◆ **Problem to work on**
Repeat the data word for word, excluding every picture.

Dataset extract section start

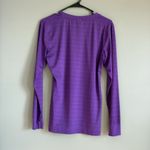 Zyia  Chill Long Sleeve Perforated Long Sleeve Athletic Shirt size M Photo 3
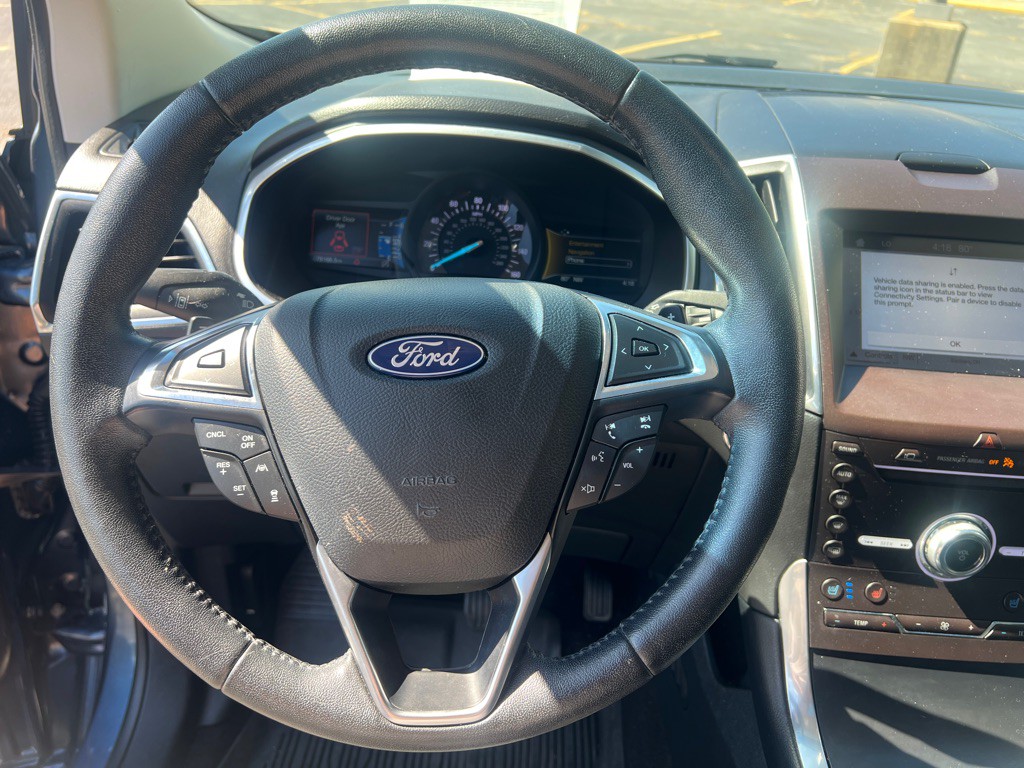 2019 Ford Edge Image 16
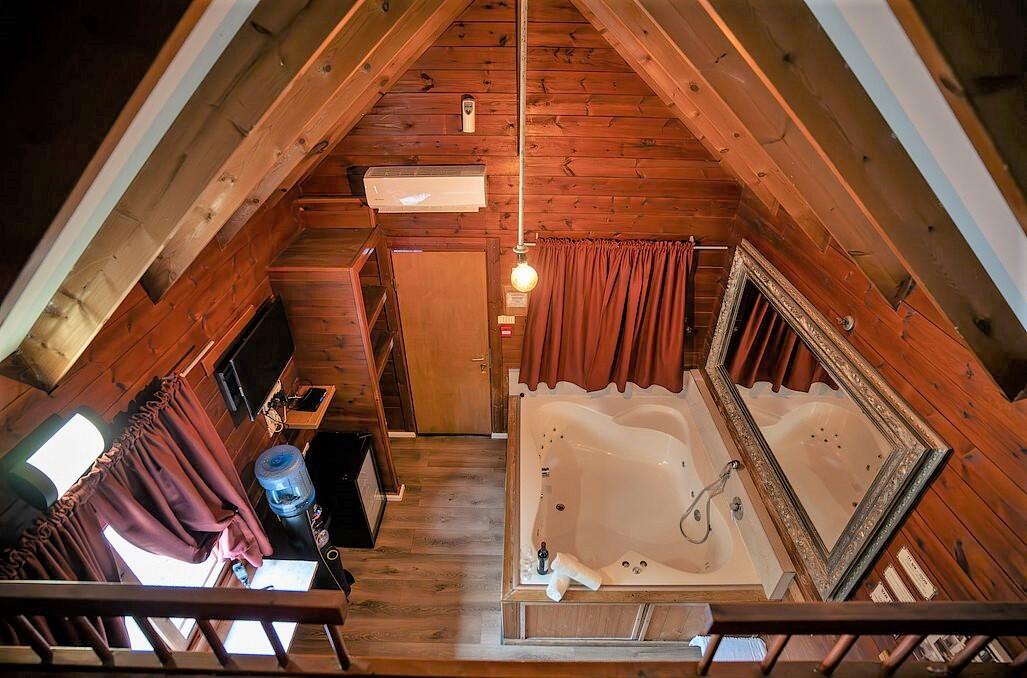 צימרים עם ג'קוזי פרטי - נווה בר - מלון בוטיק בכפר 89129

Dataset extract section end

◆ **Completed task**
 Zyia  Chill Long Sleeve Perforated Long Sleeve Athletic Shirt size M Photo 3
 2019 Ford Edge Image 16
 צימרים עם ג'קוזי פרטי - נווה בר - מלון בוטיק בכפר 89129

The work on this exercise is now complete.